What actually happens when a Byte overflows?
Say we have
byte byte1 = 150; // 10010110
byte byte2 = 199; // 11000111
If we now do this addition
byte byte3 = byte1 + byte2;
I think we'll end up with byte3 = 94 but what actually happens? Did I overwrite some other memory somehow or is this totally harmless?
It's quite simple. It just does the addition and comes off at a number with more than 8 bits. The ninth bit (being one) just 'falls off' and you are left with the remaining 8 bits which form the number 94.
(yes it's harmless)
The top bits will be truncated. It is not harmful to any other memory, it is only harmful in terms of unintended results.
In C# if you have
checked { byte byte3 = byte1 + byte2; }
It will throw an overflow exception. Code is compiled unchecked by default. As the other answers are saying, the value will 'wrap around'. ie, byte3 = (byte1 + byte2) & 0xFF;
The carry flag gets set... but besides the result not being what you expect, there should be no ill effects.
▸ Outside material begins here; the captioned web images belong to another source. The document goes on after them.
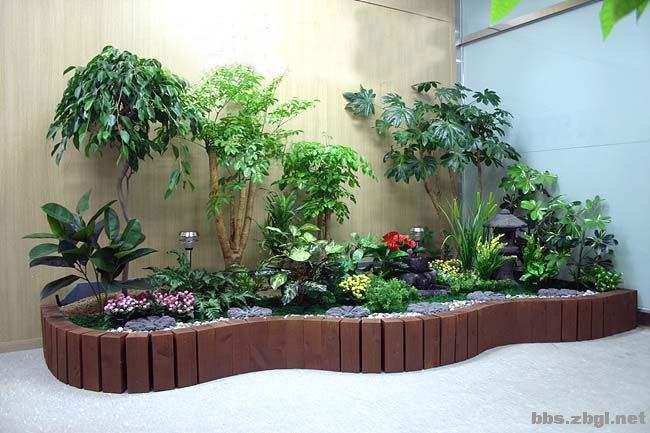 九江庐山苗木盆景基地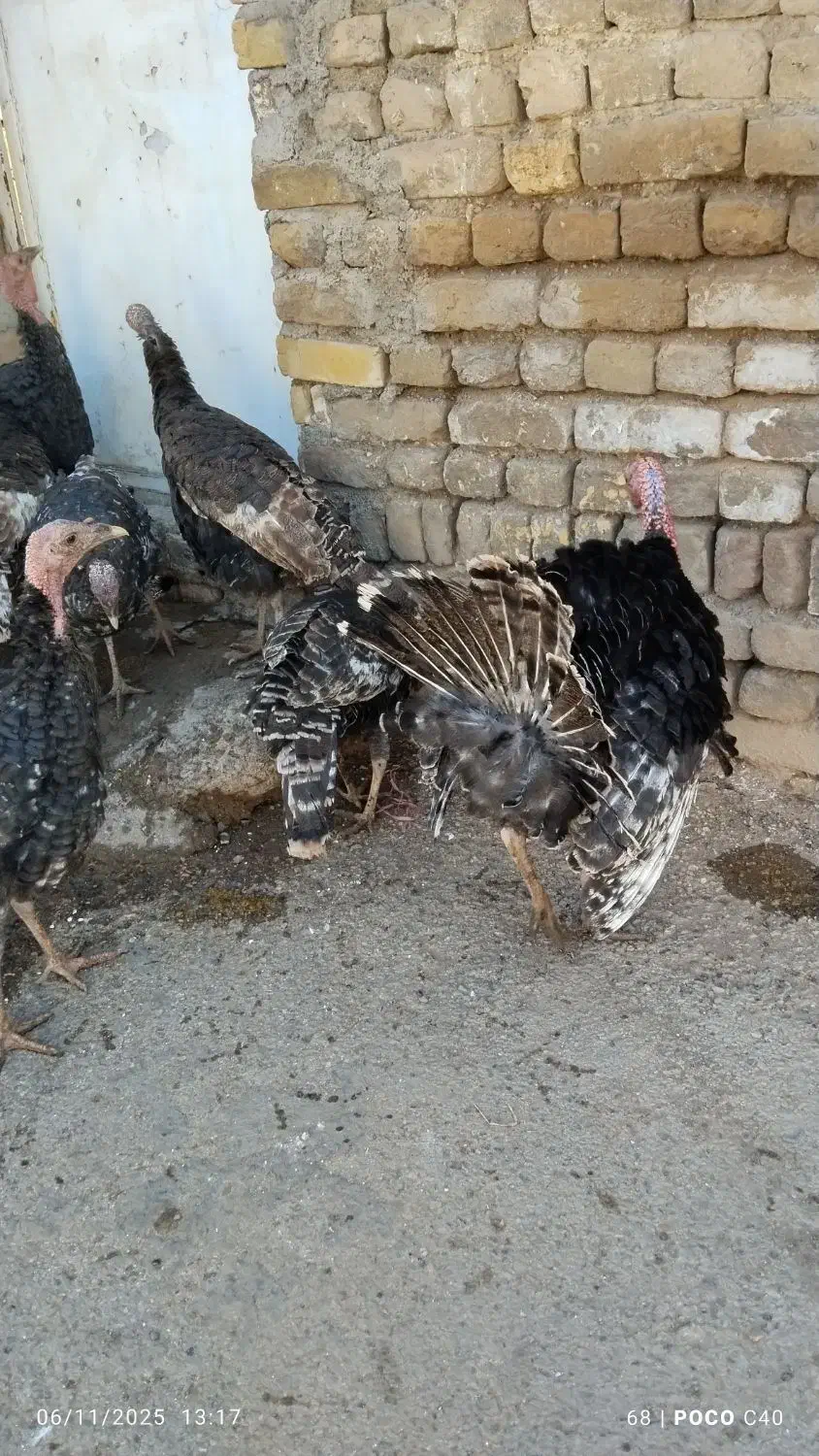 بوقلمون نر و ماده جوجه امسال|حیوانات مزرعه|بوئین زهرا, |دیوار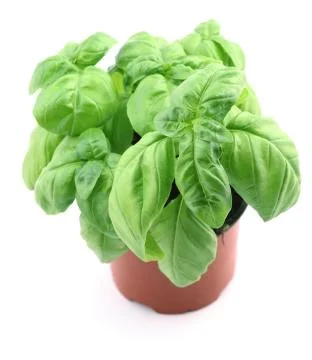 Basil in pot Stock Photos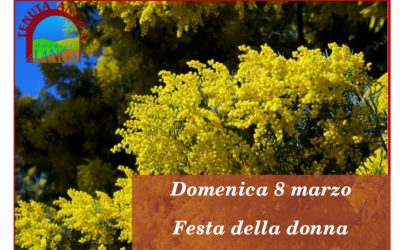 Domenica 8 Marzo: Evento Sunshine per la festa della Donna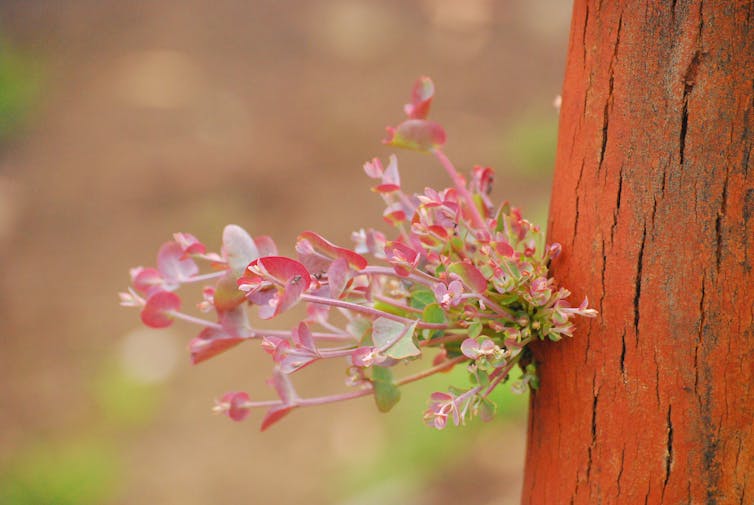 A closeup photo of epicormic growth in an Australian eucalypt. Small colourful leaves are sprouting from the trunk.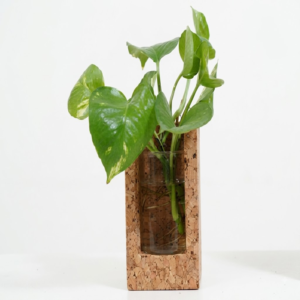 PAIVI Cork Garden Window Holder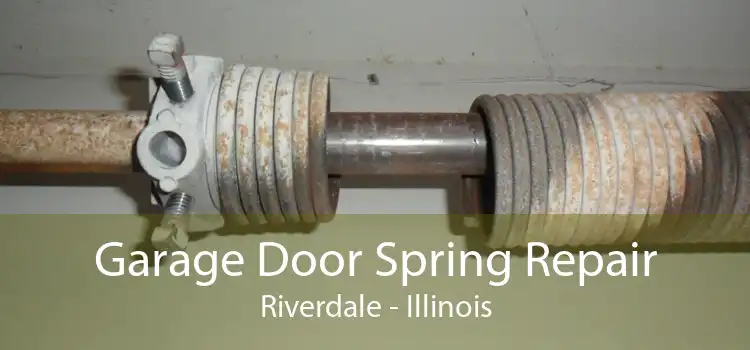 Garage Door Spring Repair Riverdale - Illinois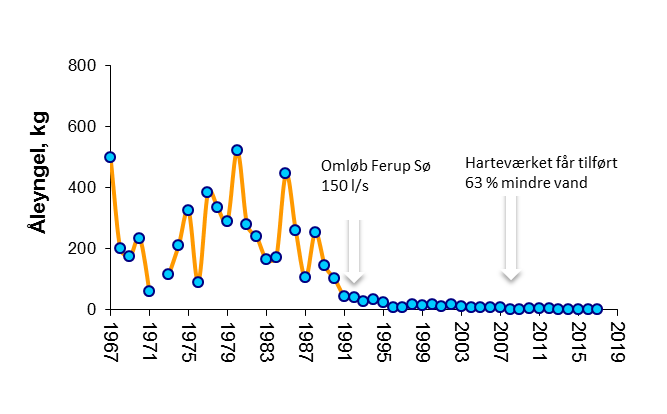 Mængden af indvandrende små ål målt ved Harteværket ved Kolding Å 1967-2017.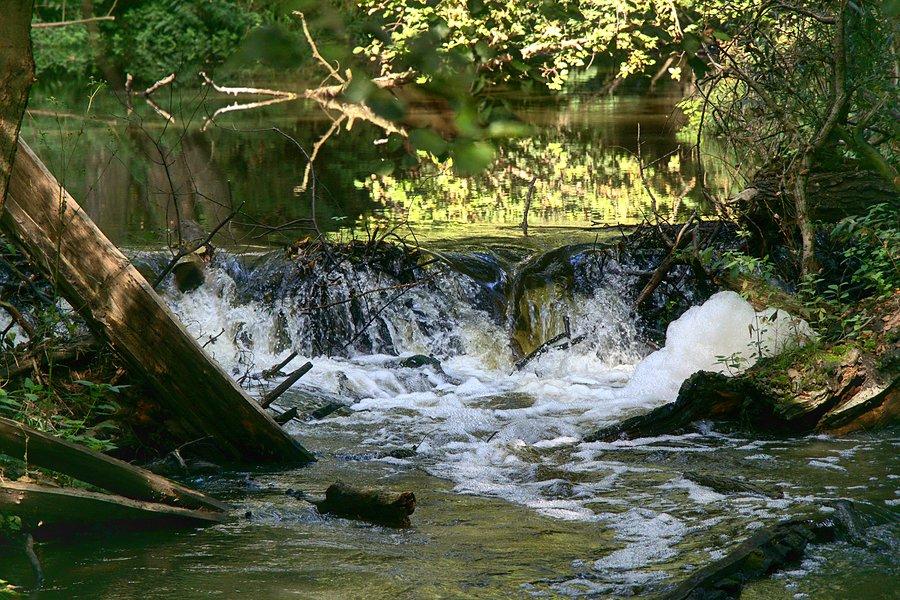 Nad Krapielą za Strachocinem
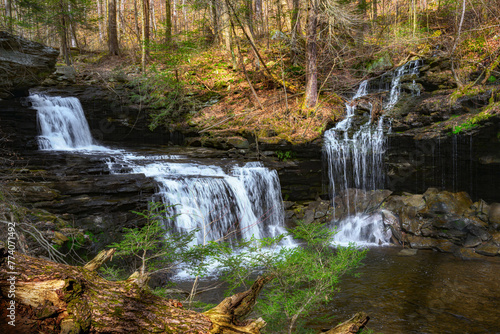 Spring at Ricketts Glen State Park in Benton PA. Known for its 21 waterfalls and old-growth forest and boulders. Hiking the loop on a cold Spring Day.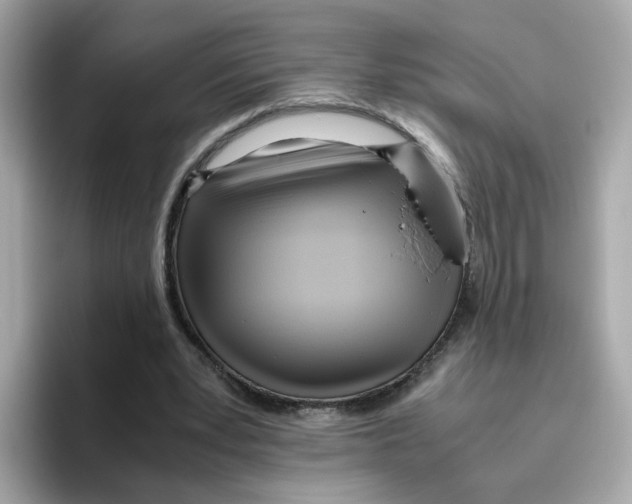 X0000096460391200802141536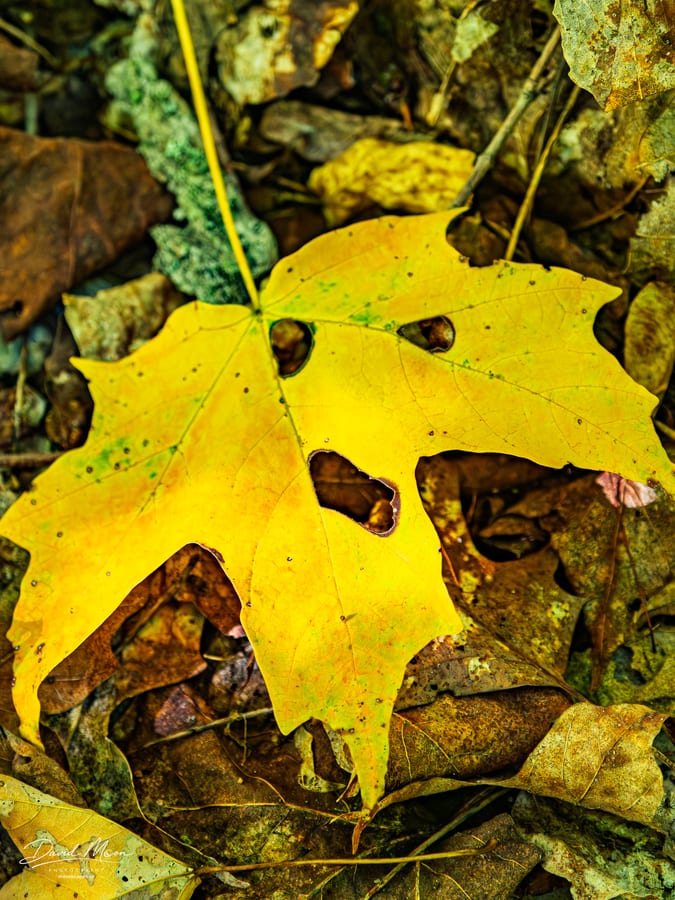 Maple Leaf Turning Gold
Typically (and the exact behaviour will depend on the language and platform), the result will be taken modulo-256. i.e. 150+199 = 349. 349 mod 256 = 93.
This shouldn't affect any other storage.
Since you have tagged your question C#, C++ and C, I'll answer about C and C++. In c++ overflow on signed types, including sbyte (which, I believe, is signed char in C/C++) results in undefined behavior. However for unsigned types, such as byte (which is unsigned char in C++) the result is takes modulo 2n where n is the number of bits in the unsigned type. In C# the second rule holds, and the signed types generate an exception if they are in checked block. I may be wrong in the C# part.
Overflow is harmless in c# - you won't overflow memory - you simply obly get the last 8 bits of the result. If you want this to this an exception, use the 'checked' keyword. Note also that you may find byte+byte gives int, so you may need to cast back to byte.
The behavior depends on the language.
In C and C++, signed overflow is undefined and unsigned overflow has the behavior you mentioned (although there is no byte type).
In C#, you can use the checked keyword to explicitly say you want to receive an exception if there is overflow and the unchecked keyword to explicitly say you want to ignore it.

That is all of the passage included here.